- _What you need to do_: From the line that contains "Building Photo - 5721 Old Hickory Rd" through the closing line of the entries, write out each line exactly; pictures stay out.

Short web captions:
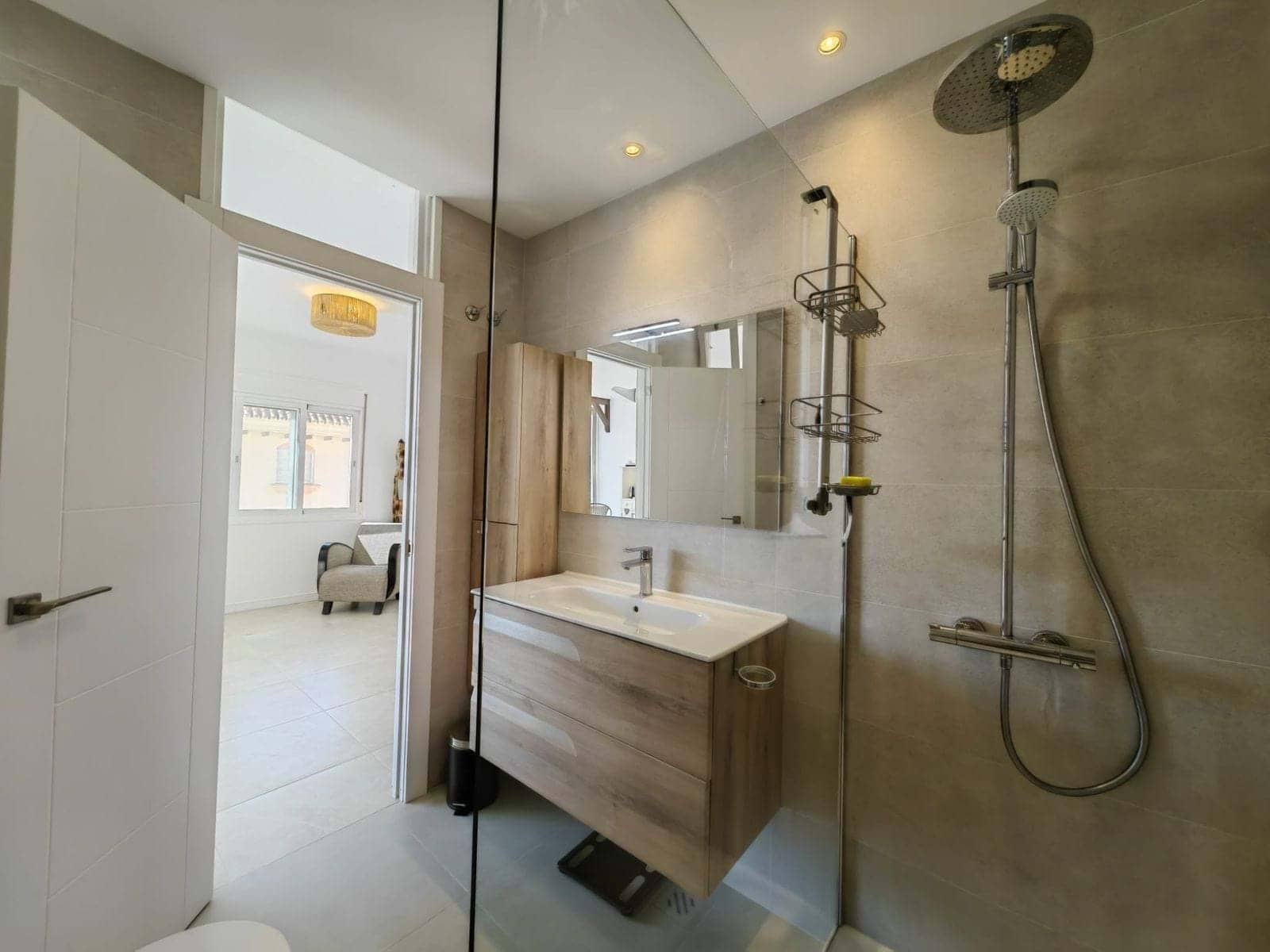 Apartamento de 3 habitaciones en Estepona en venta con piscina garaje - 498.500 € (Ref: 9322387)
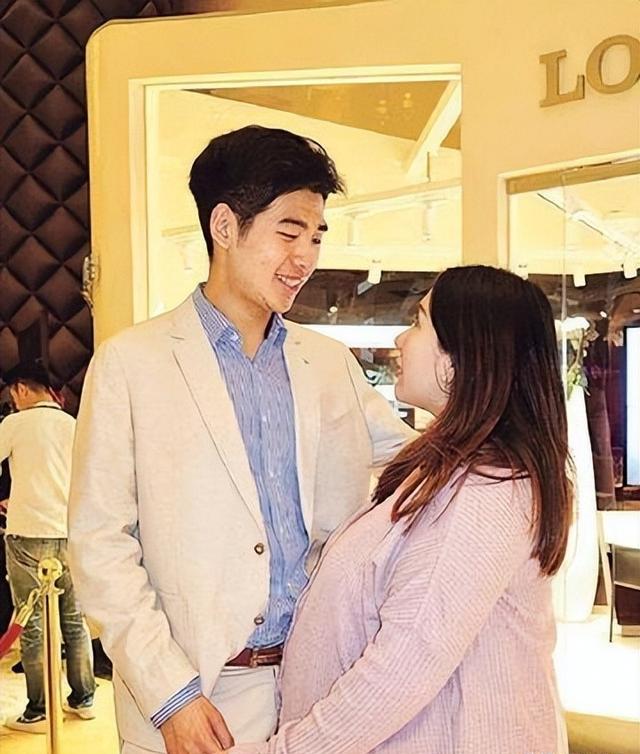 5年后,再看那个21岁就迎娶赌王千金的哈佛学霸,他如今怎样?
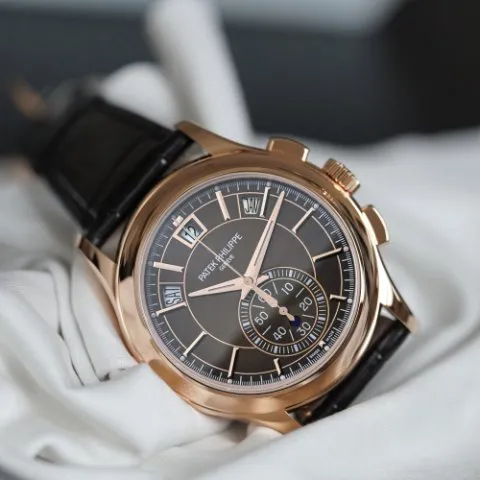 Patek Philippe Annual Calendar Chronograph 5905R-001 42mm Rose gold Brown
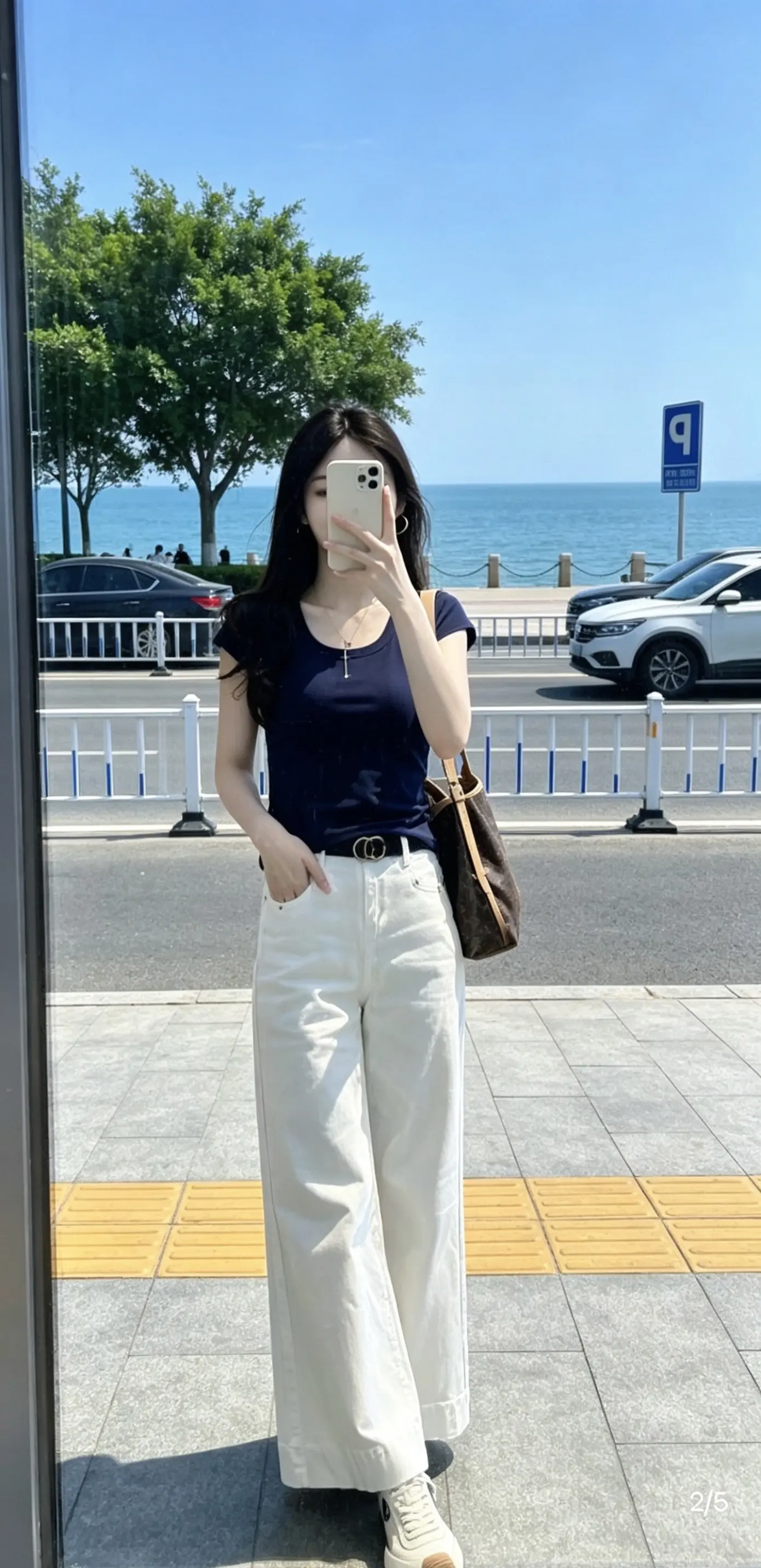 “这么漂亮的年纪 为什么不让自己快乐     人生何其短 要笑得格外甜。”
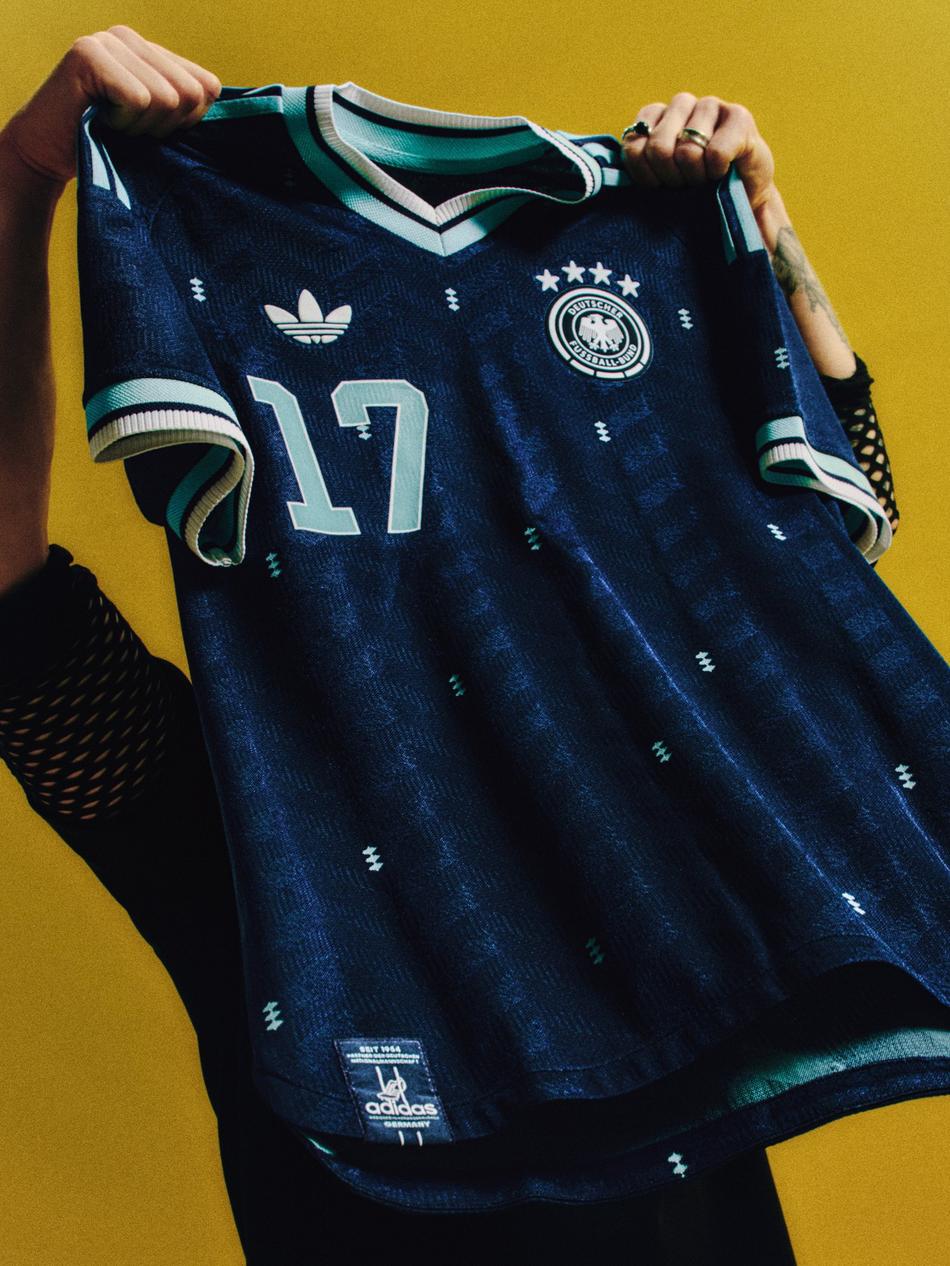 Alemanha - Uniforme II (Foto: Divulgação)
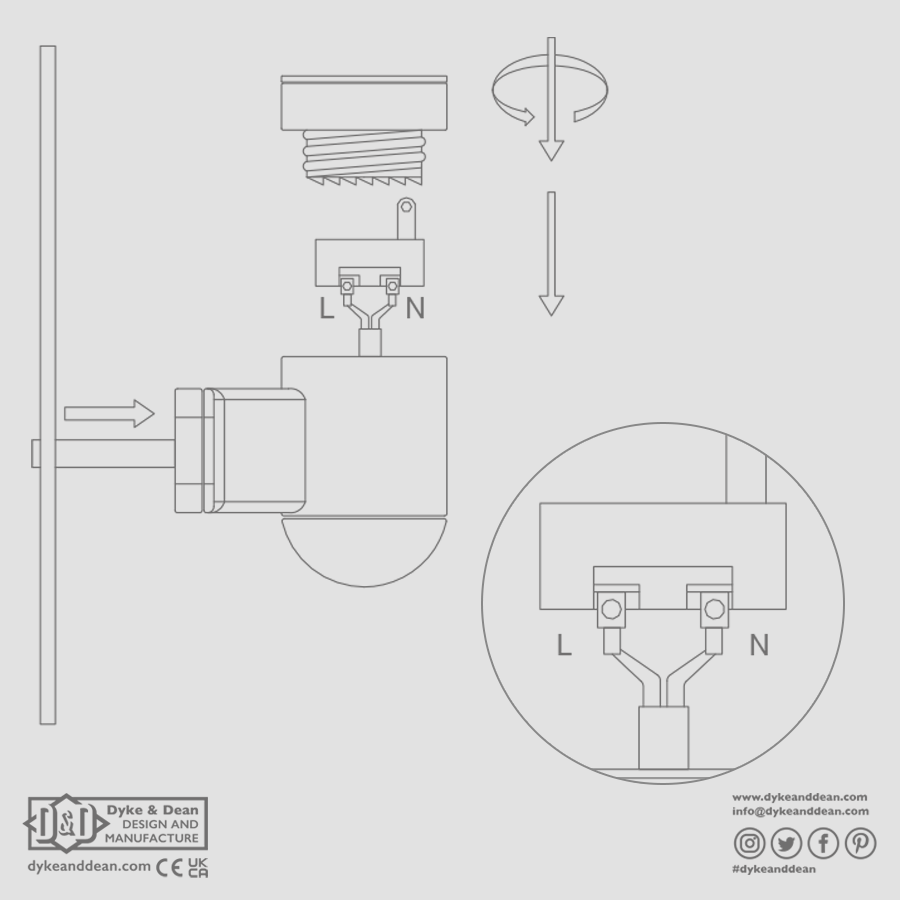 WHITE CERAMIC E27 WALL LIGHT FITTING OUTLET - DYKE & DEAN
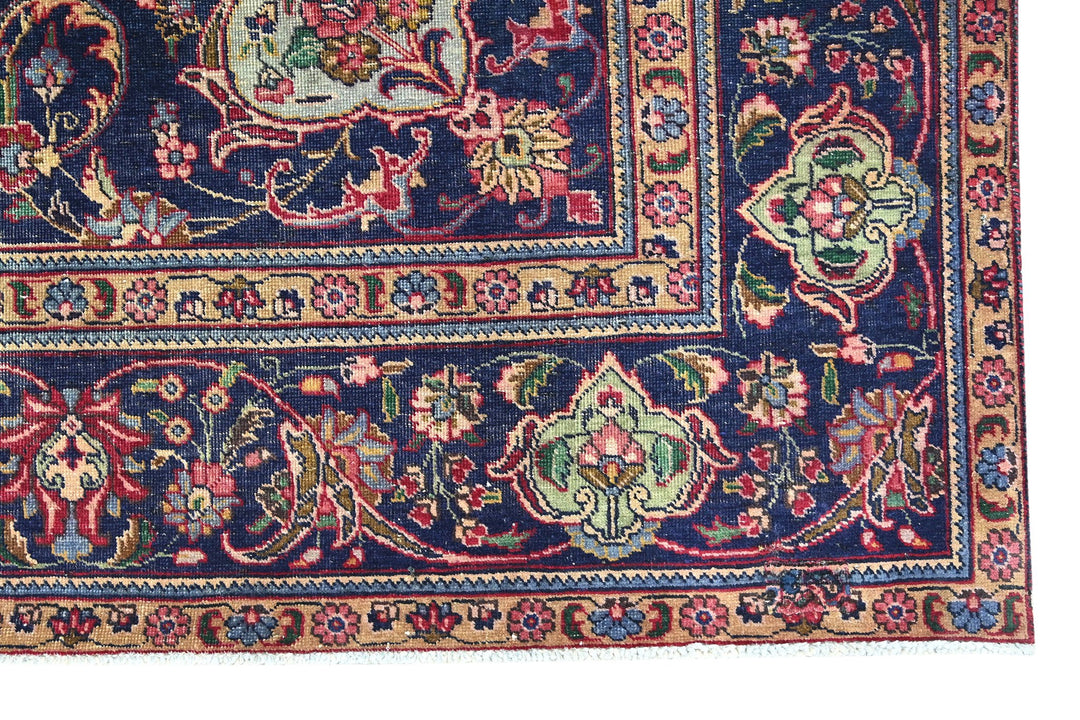 red Oversized rug 9' 1" x 11' 11"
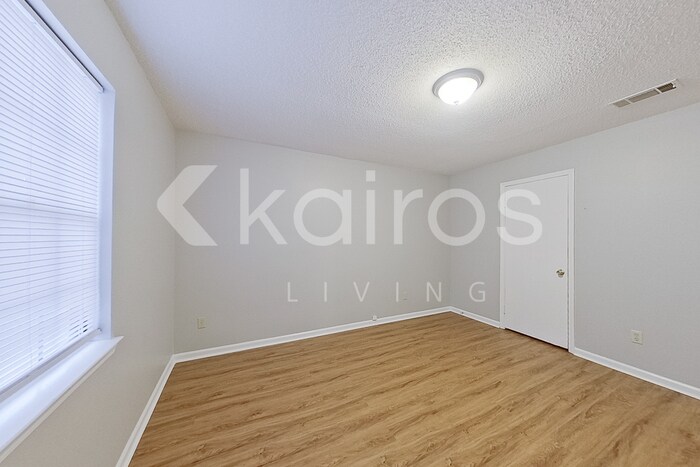 Building Photo - 5721 Old Hickory Rd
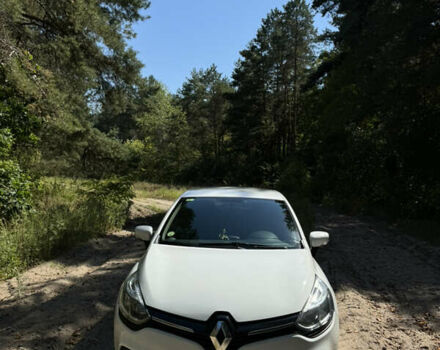 Рено Клио 2016 в Кобеляках на Automoto.ua Белый Рено Клио, объемом двигателя 1.46 л и пробегом 103 тыс. км за 9950 $, фото 6 на Automoto.ua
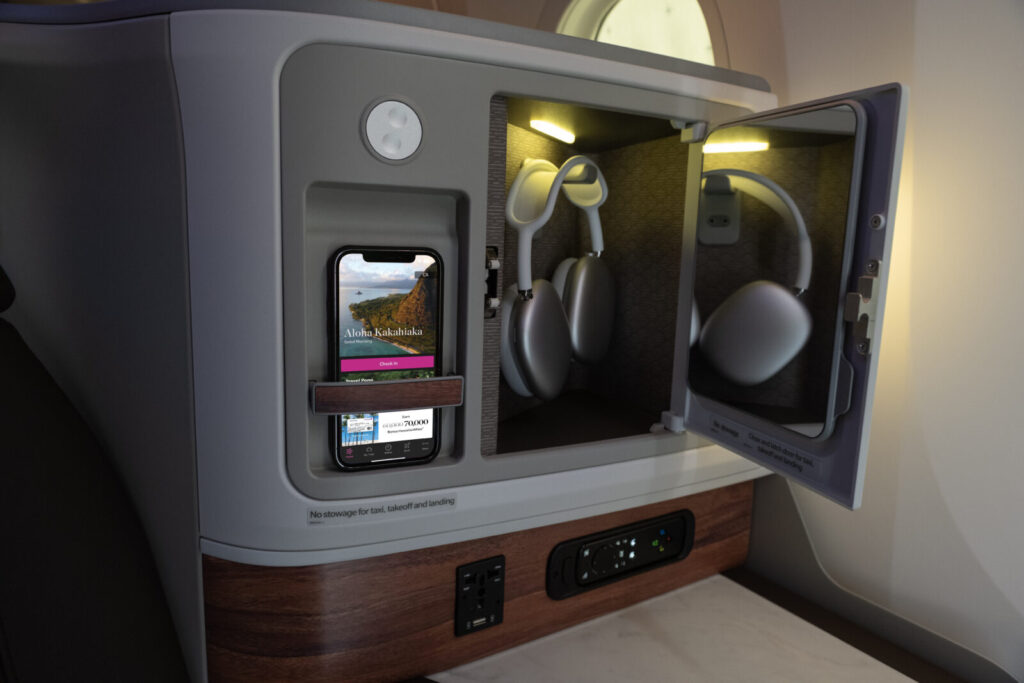 Hawaiian Airlines 787 Business Class Leihoku Suites Storage Compartment and Power Outlets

- _Final answer_:
 Building Photo - 5721 Old Hickory Rd
 Рено Клио 2016 в Кобеляках на Automoto.ua Белый Рено Клио, объемом двигателя 1.46 л и пробегом 103 тыс. км за 9950 $, фото 6 на Automoto.ua
 Hawaiian Airlines 787 Business Class Leihoku Suites Storage Compartment and Power Outlets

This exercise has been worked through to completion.